Monday, October 29, 2012

Minority Report: Nothing Changes

Assemble enough minorities in a social-political melting pot and the minority represents a sizeably impressive pressure group.  Convince enough of them that their best interests lie across ethnic and colour lines and a voting bloc of very useful proportions results.  When an important political competition is underway between black and white each side drops all social inhibitions toward appealing to base instincts and goes for the jugular.

Twisting the truth here and there, appealing to the vestigial but still resonant authority of the clan; rouse the public from its bored indifference to convince them to get out and vote rather than sit back and grouse, and opportunities present themselves that have less to do with authority and reliability in outstanding leadership and more to do with competitive advantage requiring to be heeded and leveraged to a compelling win.

"If you look at the demographic changes and the future of the United States, very soon you're not going to be able to win an election banking on middle-aged or older white men", according to a senior fellow with the Council on Foreign Relations.  This was a message directly applicable to the American Republican Party, whose support is largely there; with middle-aged/older white males.  They are now in descent.
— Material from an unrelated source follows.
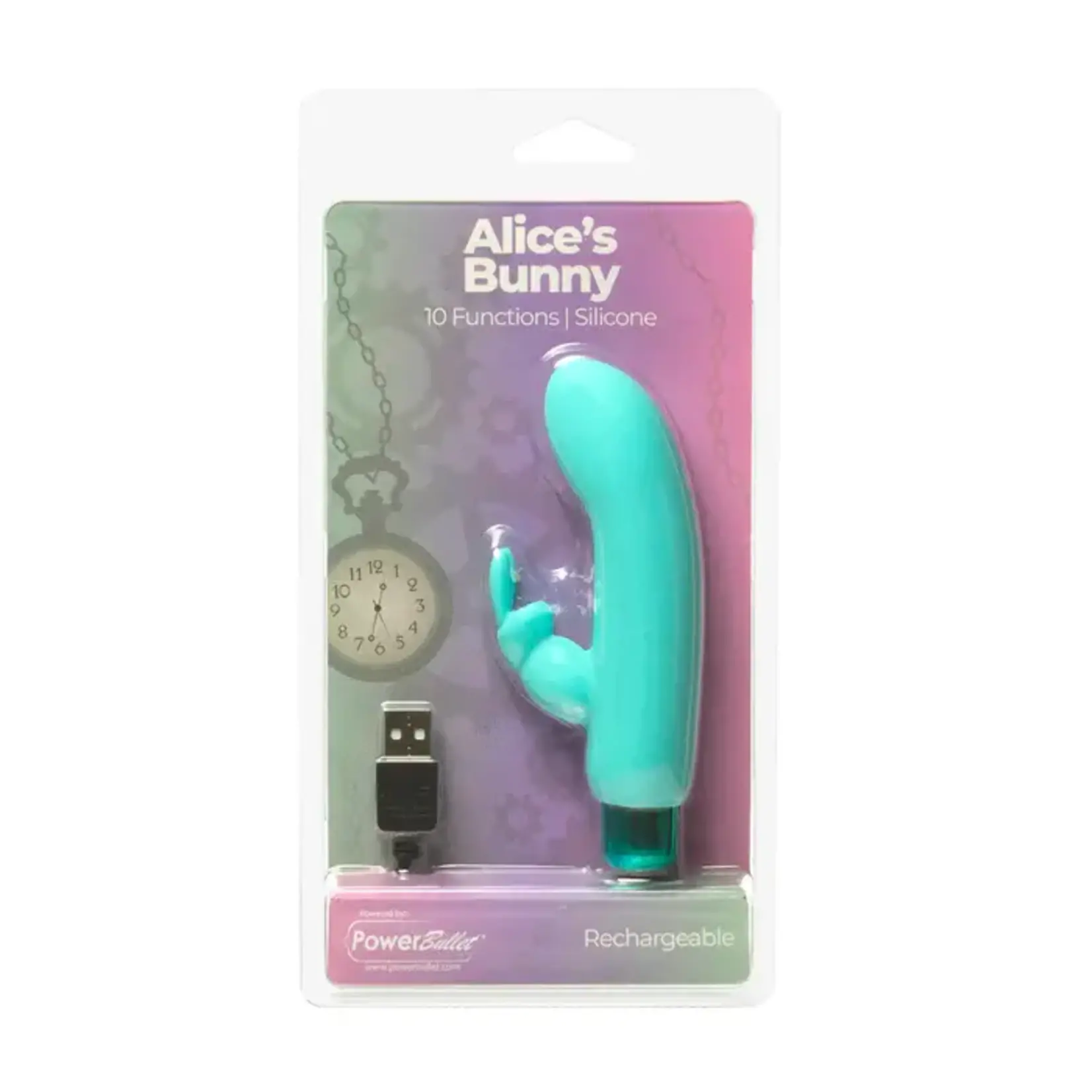 Alice’s Bunny Rechargeable Bullet With Removable Rabbit Sleeve Teal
It's not as though the Republican election machinery has completely ignored the need to appeal to minorities; they've made the effort. 

"You can bet that every black church, every black political organization, every black social organization, every black neighbourhood is going to get calls, visits and pushes [from the Obama campaign] to get them out", assured a  senior analyst at the Joint Center for Political & Economic Studies in Washington.
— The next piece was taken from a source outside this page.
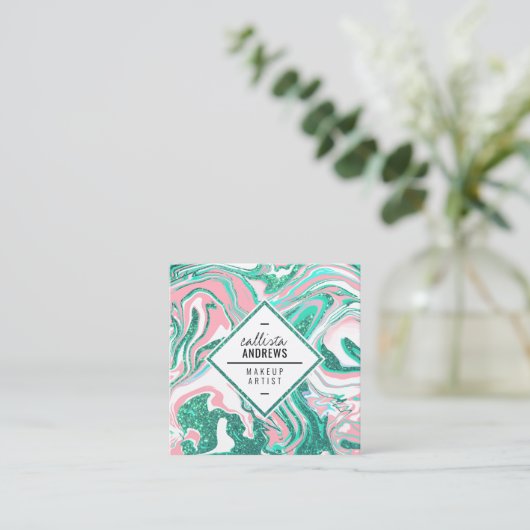 Moderne witte roze Blauwgroen groene glitter Marbl Vierkante Visitekaartje (Staand voorkant)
There are certainly some critical, pivotal-voting states that are assured to the incumbent.  A biracial president whose enormous appeal still resonates with his Democratic supporters despite four years of more of the same.  In political, administrative terms there isn't, actually, that much separating the Republican and Democratic candidates in their platforms.  Although their platforms are mirror images, their delivery is different.

And therein lies the uncertainty of what might occur under a Republican administration as opposed to the current Democratic one.  The Republican white majority (90%) vote objects to America apologizing for its policies to any foreign country; their heads are unabashedly unbowed, defiant and proudly American.  President Obama has given his country an apologetic face, an unfamiliar and unwanted one.
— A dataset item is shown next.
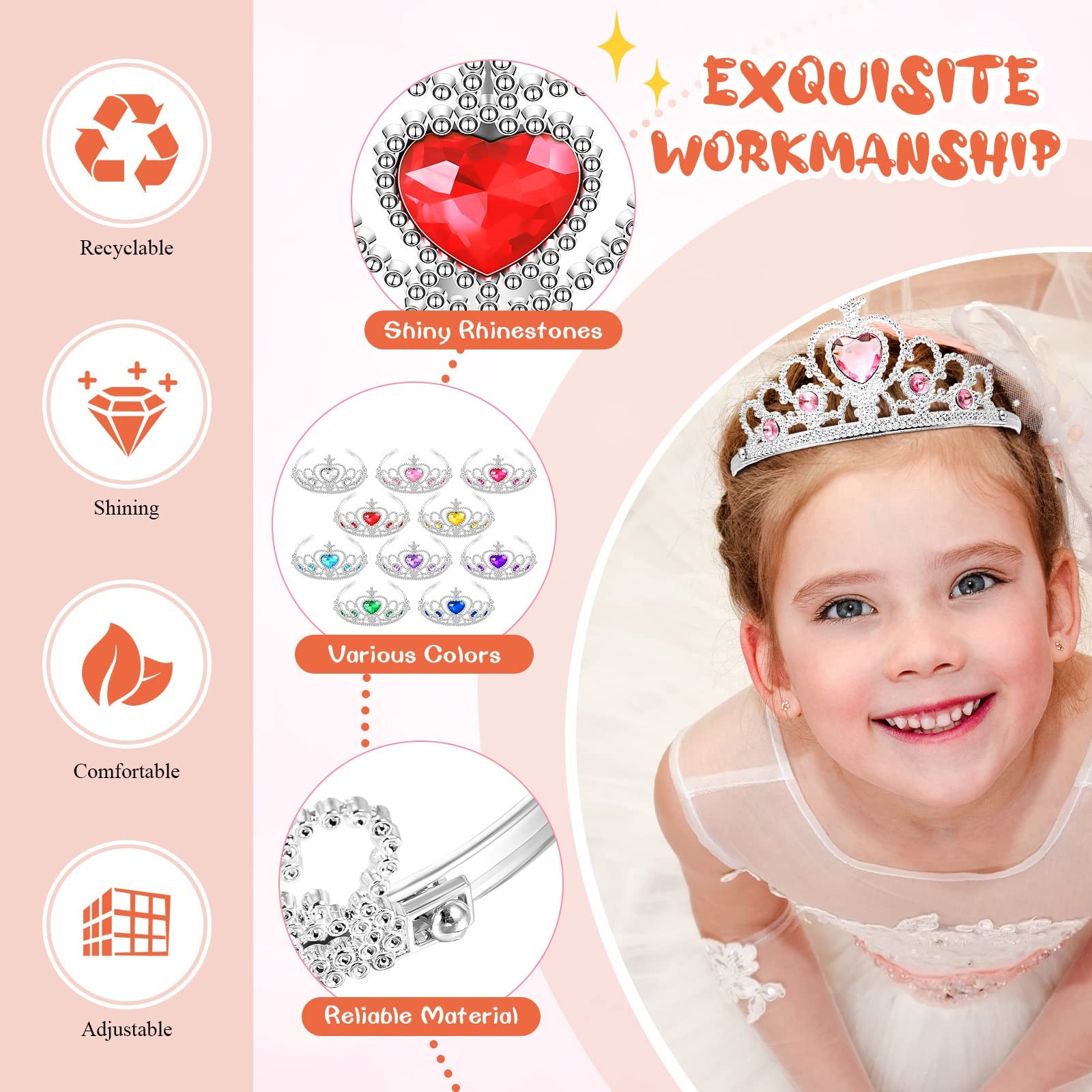 Hinly 30 Pcs Princess Crown Set Tiaras for as shown in pictures, Multicolor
"The enthusiasm gap this time has been a problem, and I think [the Obama campaign] has been struggling to overcome it.  There's a lot to recover there", said Marshall Ganz, Kennedy School of Government professor at Harvard.  Starting with the "Barber and Beauty Program", which sees the distribution of campaign literature through salon owners.  That's pretty clever, making envoys of community-based service providers.

"He has to win the hearts of the people again" said Bishop Janice Hollis, a black Pennsylvania pastor, whose own heart has cooled toward President Obama.  The Coalition of African American Pastors had condemned the Obama administration for its outright support of "the highjacking of the civil rights movement by homosexuals, bisexuals and gender-confused people."

Bishop Hollis, who signed on to that public condemnation has seen that initiative win her a backlash from her own black community.  She is receiving hate mail from black voters damning her for any negative statements muddying the reputation of the country's first black president.  How could she, as a black woman, commit to that?  She is undecided how she will vote and has not attempted to persuade anyone else how they should vote.

What she has experienced, she explains, is black-on-black racism.  "Black voters are going to want the first black president to have a second term.  I think they'll be there for him", said William Frey, a demographer at the Brookings Institute in Washington.  "I'm not saying the Republicans will never  tap into the black vote.  But the Republicans are going to have to launch a huge re-start in their strategy....  If they don't get blown away this time, they'll get blown away some time soon."

But of course, it's not just the black population that will vote massively for the Democratic ticket.  It's also the Hispanic vote, and it's large and it's influential, and President Obama has, as previously, got it excited in their support for him, and wrapped up.  Another demographic, the liberal Jewish vote that tends to vote Democratic is his as well, with a smaller, Orthodox group moving toward the Republicans.

"Colour, race - those things don't matter to me", claims a Bronx voter who says he isn't certain who will get his vote this time around, or even whether he'll deign to vote at all, though he previously voted Democrat.  "It doesn't seem to matter who's in power, everything stays the same.  Nothing changes."